Burjuvaziyi ve tüm sömürücü sınıfları kahreden de emekçilerin sahip olduğu bu yaratma yeteneğidir. Sınırlı imkanlarla, sınırı yüksek maddi olanaklar ve moral değerler üretebiliyor. Maddi imkanlar ve sosyal psikolojik değerlerin yaratıcısı olan bu emekçi sınıflar ve onlarla ittifak içinde olan ezilenler, benzer bir yasa gereği yeni yaşam biçimleri de yaratabilir. Spartaküslerden, Bedreddinlerden, komünarlardan beri insanlık tarihinde pek çok model inşa edilmiştir.
Bu girizgahı, sözü haftasonu katıldığım bir kahvaltı toplantısına getirmek için yaptım. 17 Kasım 2024 tarihinde, pazar günü kendimizi yüzlerce kişiyle birlikte Maltepe sosyal tesisleri denilen bir mekanda bulduk. İlçenin burçlarına yapılmış bu mekan, ilk bakışta insanda güzel duygular bırakabilir.

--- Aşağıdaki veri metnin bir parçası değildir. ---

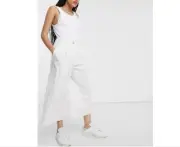 ASOS DESIGN 257198 clean linen culottes white size US 14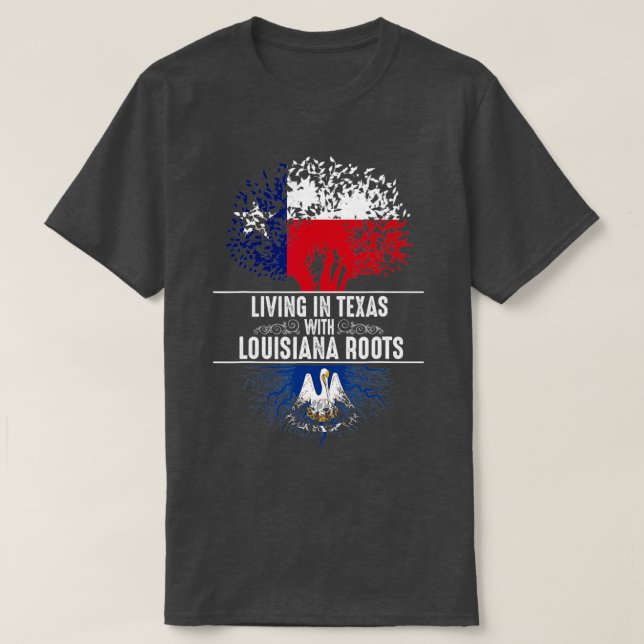 Camiseta Texas Home Louisiana Roots State Tree Flag Love G (Frente do Design)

Mekan, insan merkezli, halk merkezli bir bakışın imarı ve mimarlığı olarak da algılanabilir. Oysa kapitalizmin sınırlarını kent dışına taşımaktan başka bir nedeni olduğunu sanmıyorum. Neyse, salona girince bunları düşünecek değilim. Birbirini kucaklayan insanlar, gülen yüzler, özgürlüğüne kavuşmuş bireyler, eşiyle, çocuğuyla salona yönelenler, masa bakanlar, masa için “uygun” arkadaş veya arkadaşlar seçenler, uzaktan uzağa el sallayıp selam verenler…
İnsan İnsana Kavuşursa
Sıklıkla söylüyorum bu türden buluşmalar benim için tek nedenli değildir. Yeme içme meselesi de değildir. İnsanların davranış tarzı, duyguları, düşünce biçimleri, arkadaşlık tarzları, destek – dayanışma kültürleri ilgimi çeker. Ortamı gözlemlemek, insanlardan öğrenmek, gerektiğinde olanlara itiraz etmek, tartışmak önceliğim olur. Çünkü küçük topluluklar ya da mikro mekanlar, büyük toplulukların veya makro dünyanın prototipidir. Hatta deneme yazarı Montaigne’e bakılırsa her insanın mikro bir evren olduğu da ileri sürülebilir.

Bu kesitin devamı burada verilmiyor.